- **WHAT TO DO**: Output the listing below exactly, minus its images.
═════ DATA BELOW
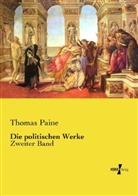 Thomas Paine - Die politischen Werke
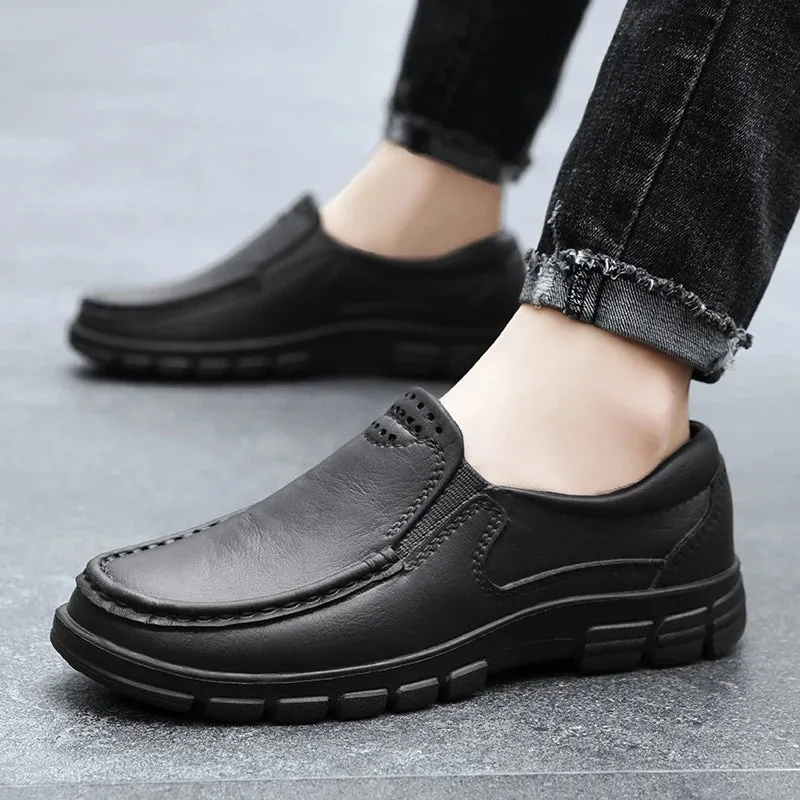 Chef Shoes Anti-Slip EVA Casual Work Shoes for Men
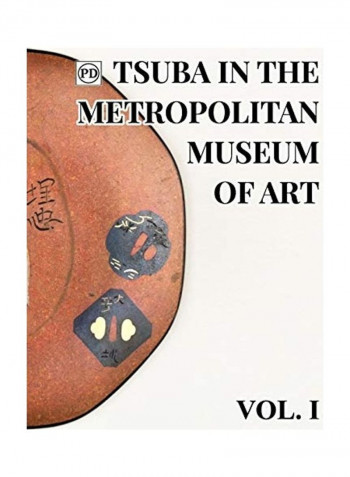 Public Domain Tsuba In The Metropolitan Museum Of Art Vol.1 Hardcover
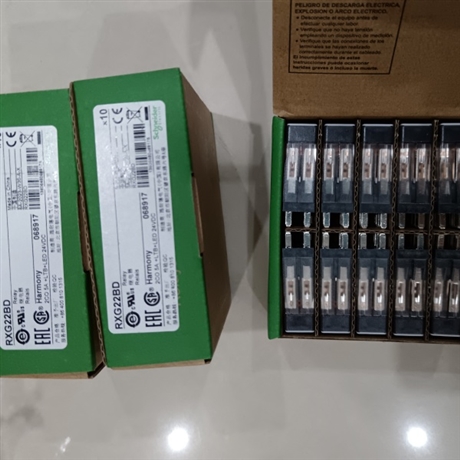 schneider施耐德时间继电器RE22R1MLMR安装方式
══════════
- **SOLUTION TO THE EXERCISE**:
 Thomas Paine - Die politischen Werke
 Chef Shoes Anti-Slip EVA Casual Work Shoes for Men
 Public Domain Tsuba In The Metropolitan Museum Of Art Vol.1 Hardcover
 schneider施耐德时间继电器RE22R1MLMR安装方式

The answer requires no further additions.